* Exercise description
Using the records below, quote only the span that opens with the line containing "Budgeted fixed factory" and closes with the line containing "Fixed overhead is P 40,200", exactly and inclusively.

[Short web captions]
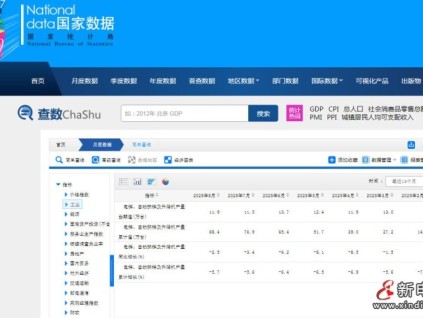 全國電扶梯及升降機產量跌幅收窄：8月份產量11.9萬臺同比降2.5%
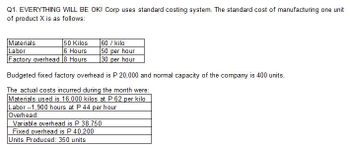 Q1. EVERYTHING WILL BE OK! Corp uses standard costing system. The standard cost of manufacturing one unit
of product X is as follows:
50 Kilos
Materials
Labor
6 Hours
Factory overhead 8 Hours
60 / kilo
50 per hour
30 per hour
Budgeted fixed factory overhead is P 20,000 and normal capacity of the company is 400 units.
The actual costs incurred during the month were:
Materials used is 16,000 kilos at P 62 per kilo
Labor --1,900 hours at P 44 per hour
Overhead:
Variable overhead is P 38,750
Fixed overhead is P 40,200
Units Produced: 350 units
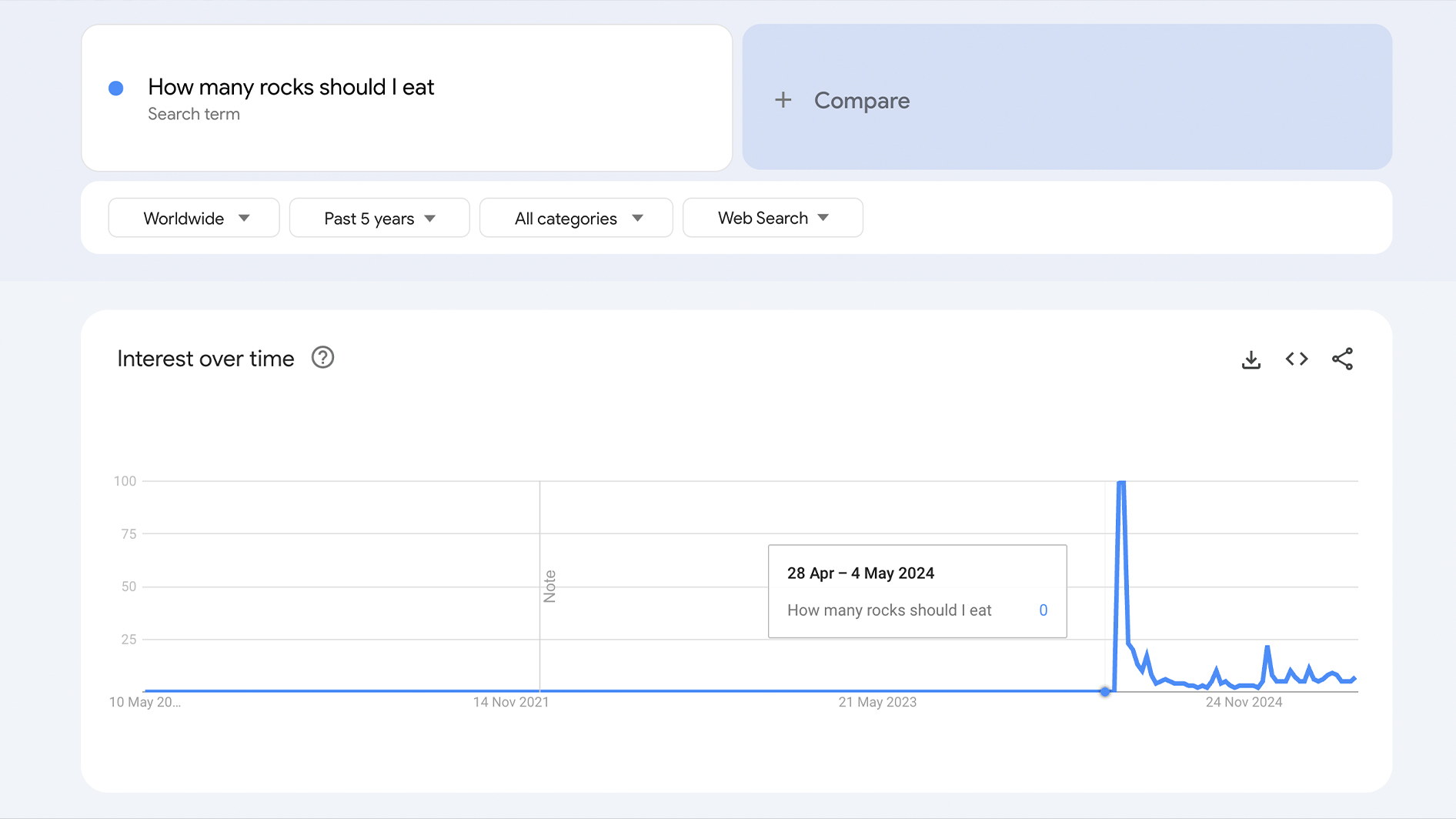 Google Trend on the question "How many rocks should I eat?"
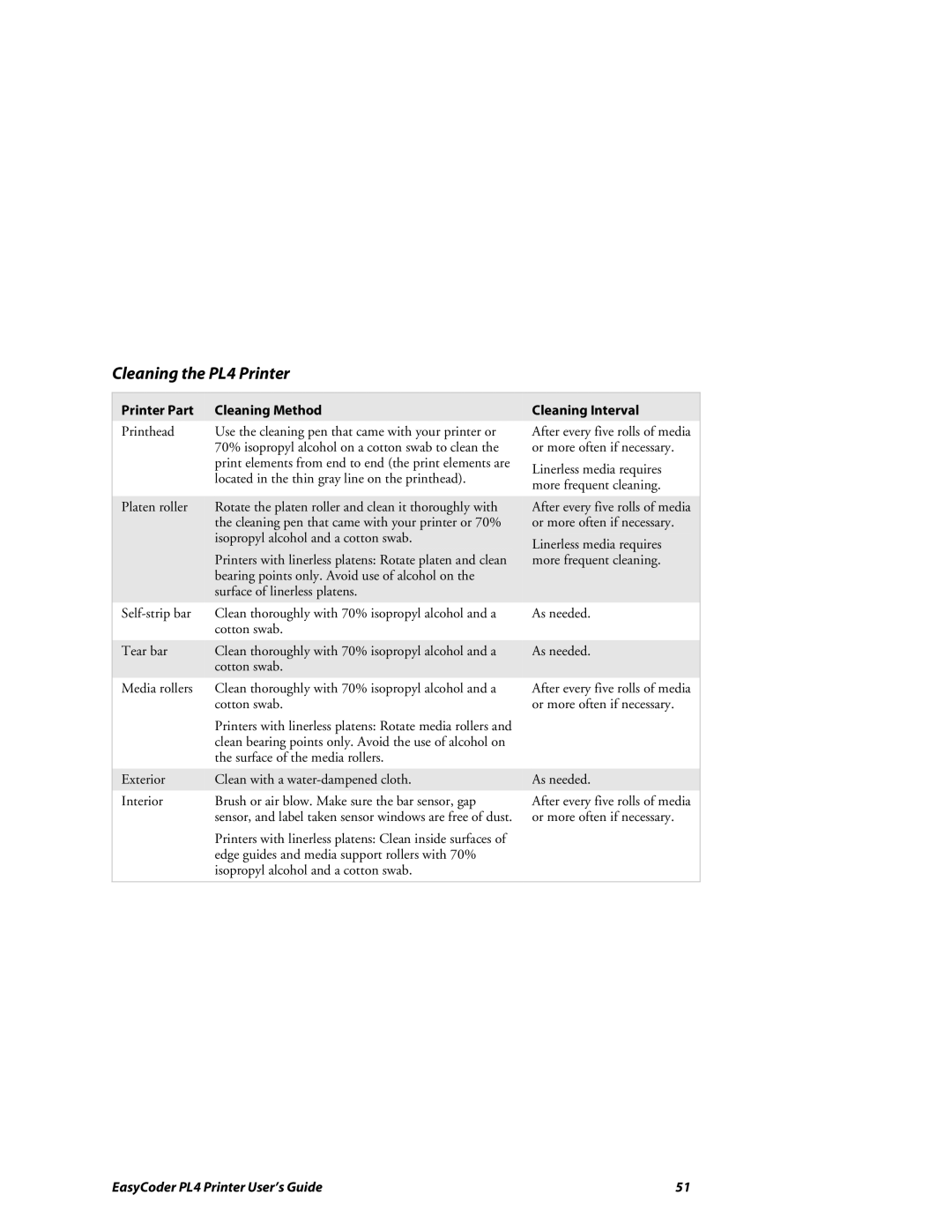 Intermec manual Cleaning the PL4 Printer, Cleaning Method, Cleaning Interval 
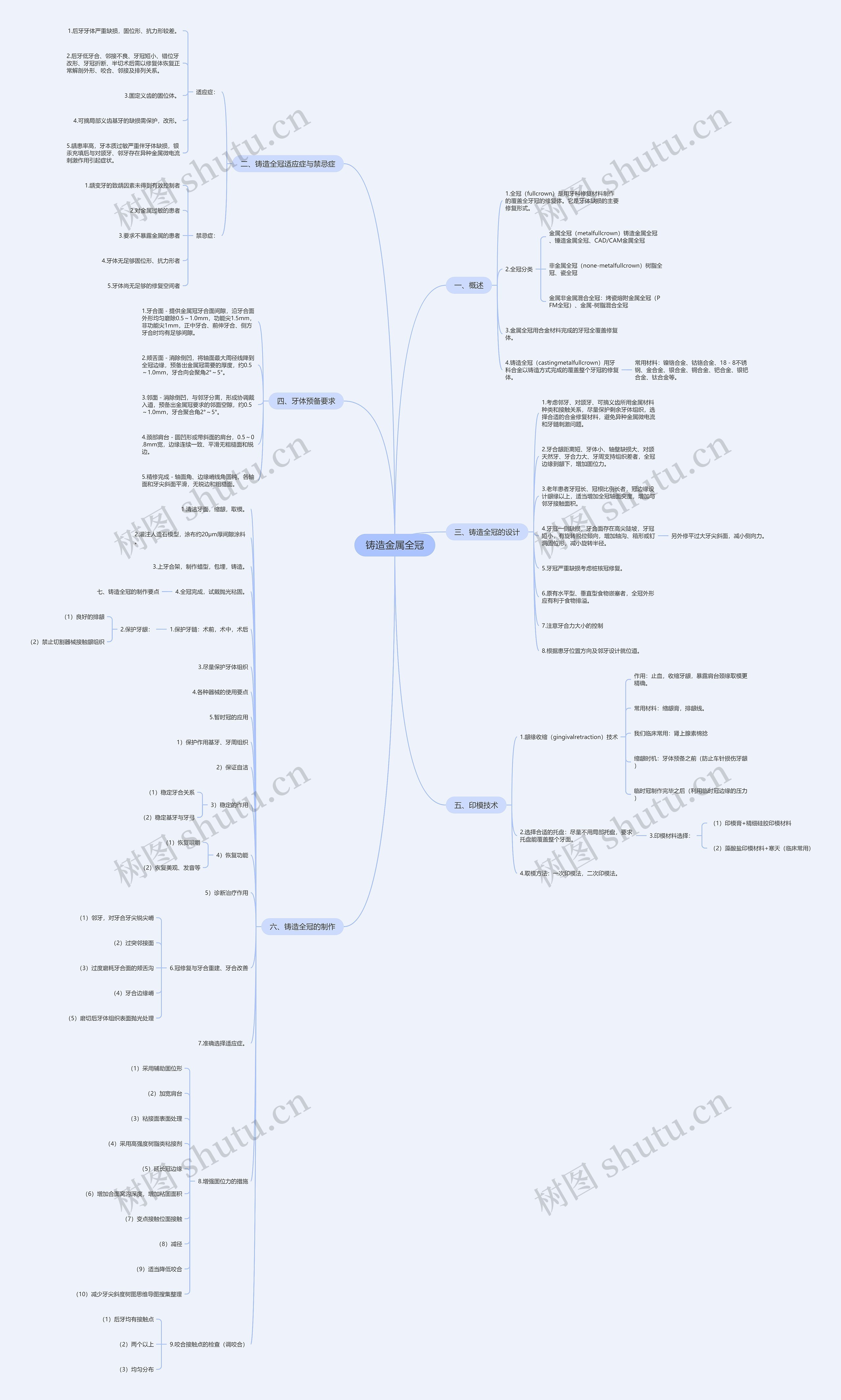 铸造金属全冠思维导图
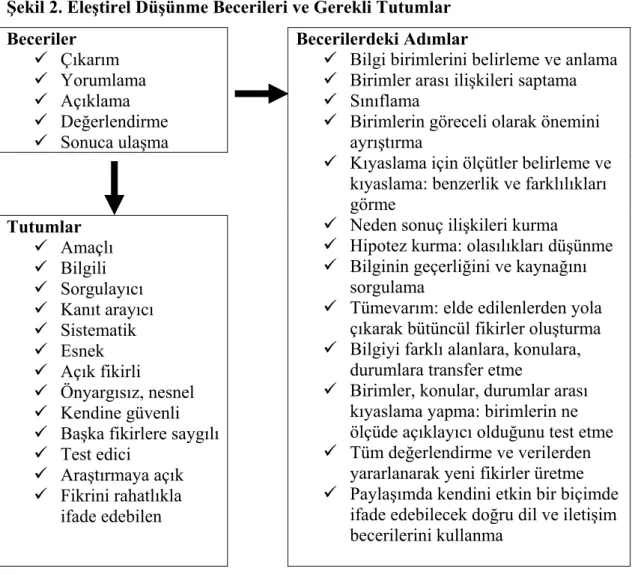 Şekil 2. Eleştirel Düşünme Becerileri ve Gerekli Tutumlar  Beceriler  9  Çıkarım  9  Yorumlama  9  Açıklama  9  Değerlendirme  9  Sonuca ulaşma  Tutumlar  9  Amaçlı  9  Bilgili  9  Sorgulayıcı  9  Kanıt arayıcı  9  Sistematik  9  Esnek  9  Açık fikirli  9 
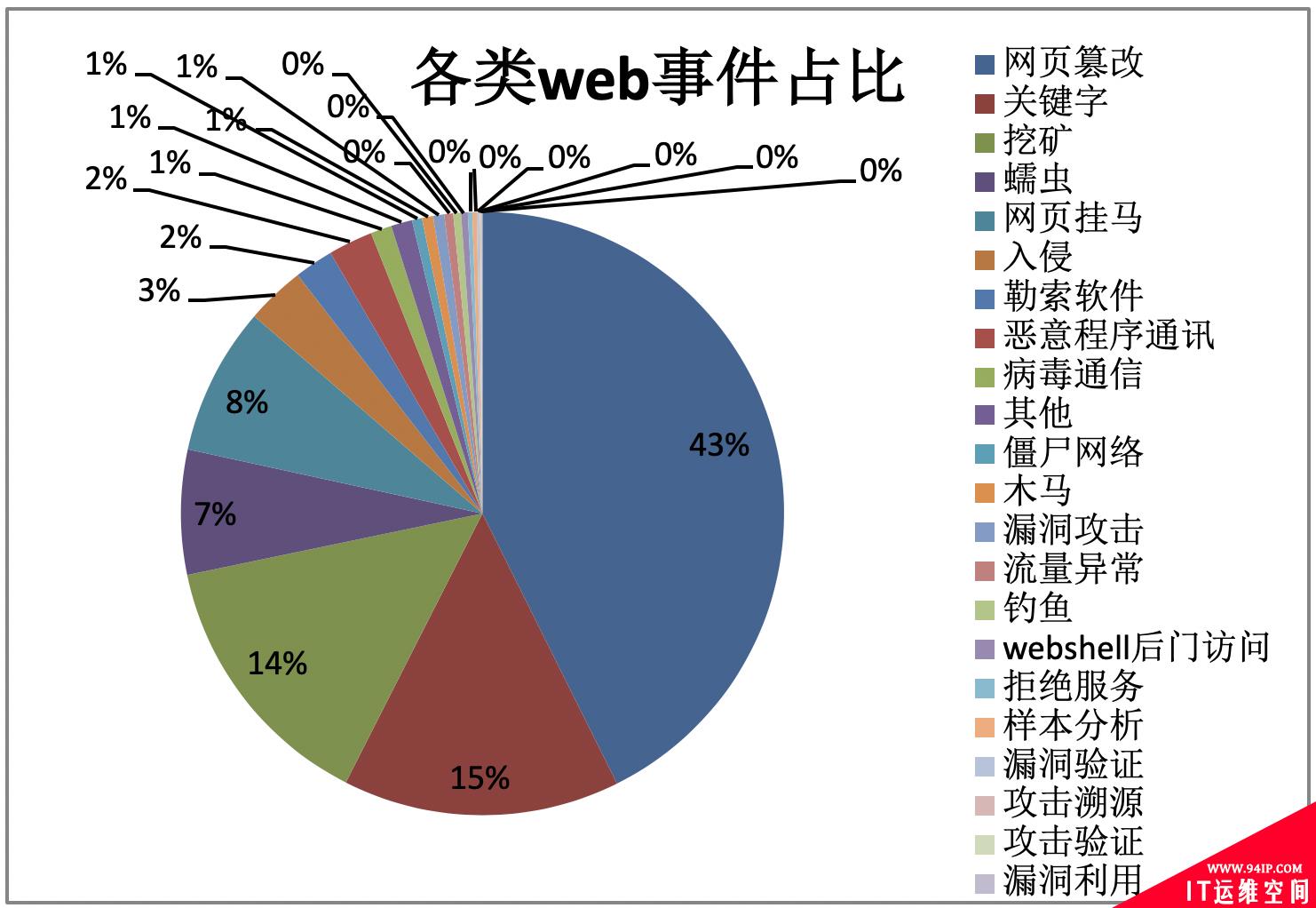 2019上半年网络安全观察（2019.01.01-2019.06.30）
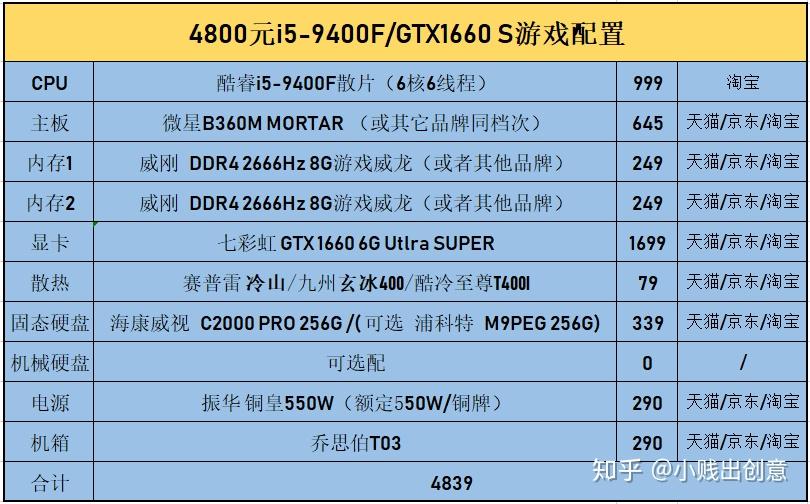 如何选购一台符合LOL游戏需求且性价比突出的主机？  第3张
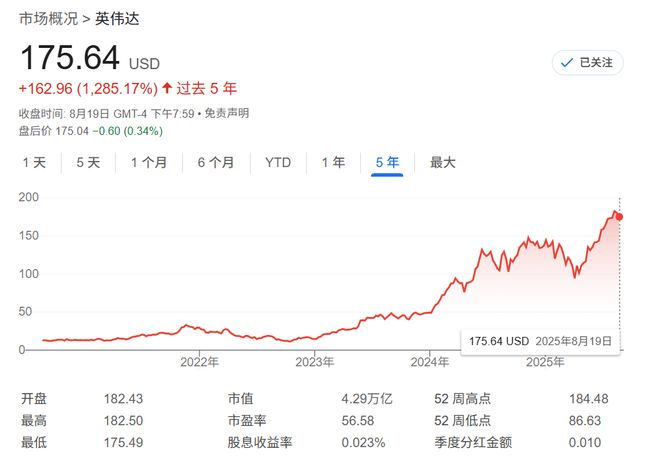 英伟达是“最被低配”的大盘科技美股
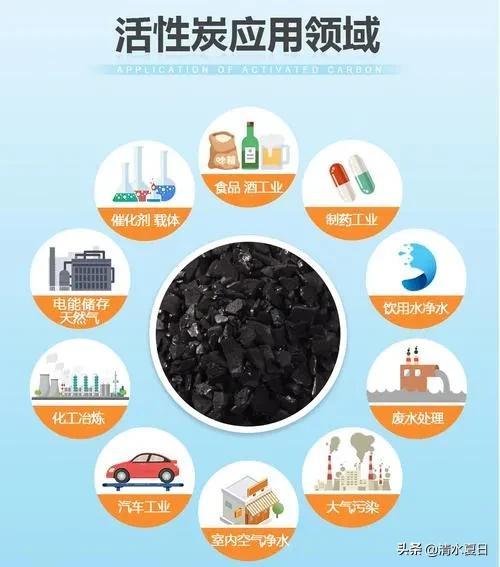 什么是活性炭，活性炭有何作用和功效，主要应用在哪些方面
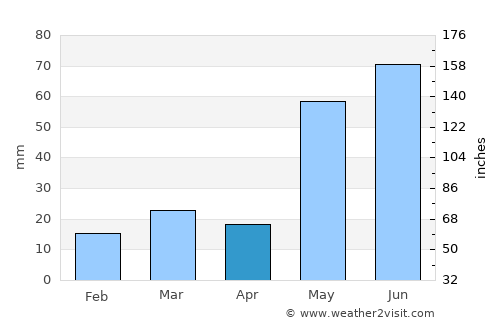Buta Ranquil average rain in April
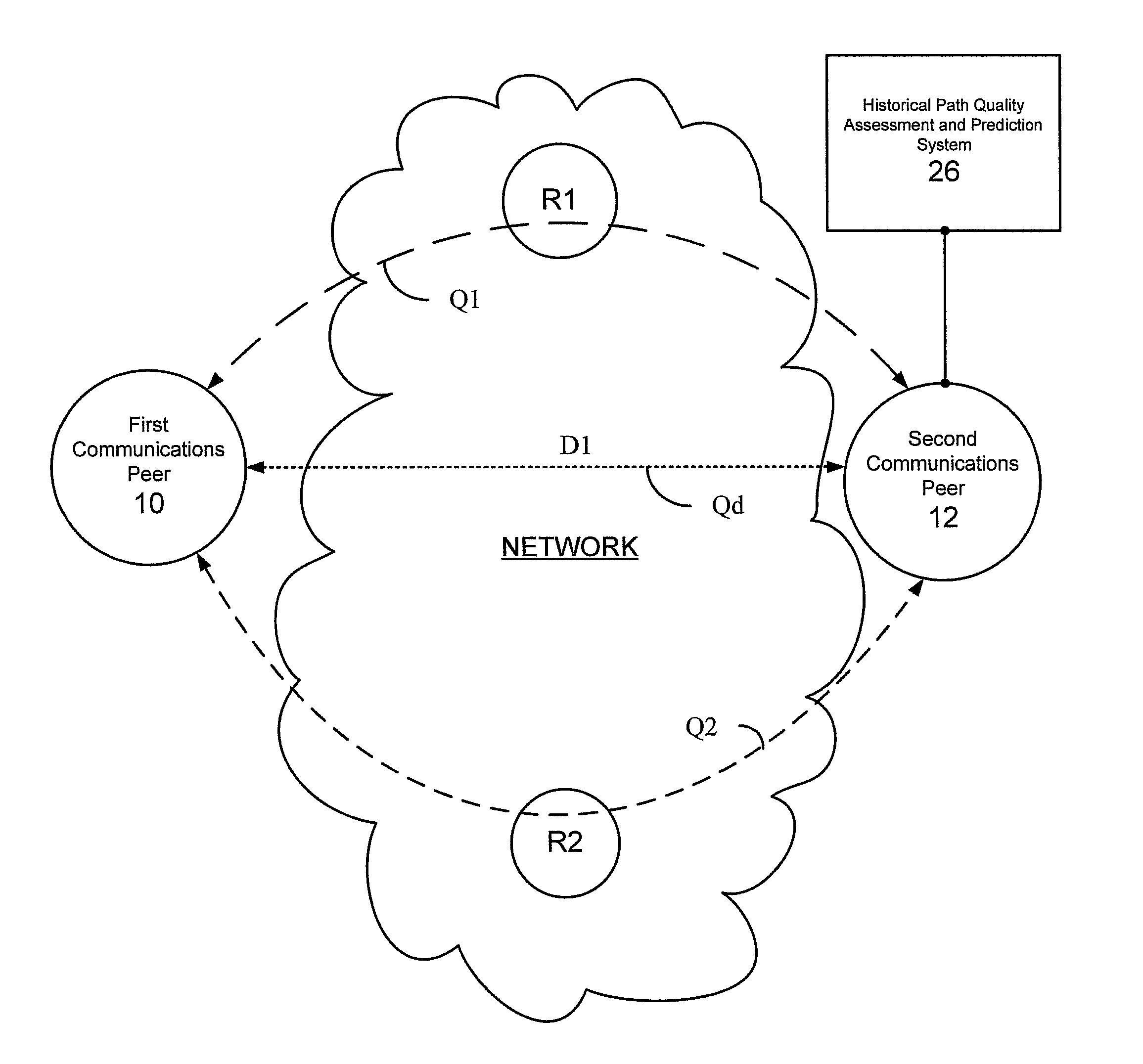 System and method of controlling in-bound path selection based on historical and continuous path quality monitoring, assessment and predictions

* Your solution
Budgeted fixed factory overhead is P 20,000 and normal capacity of the company is 400 units.
The actual costs incurred during the month were:
Materials used is 16,000 kilos at P 62 per kilo
Labor --1,900 hours at P 44 per hour
Overhead:
Variable overhead is P 38,750
Fixed overhead is P 40,200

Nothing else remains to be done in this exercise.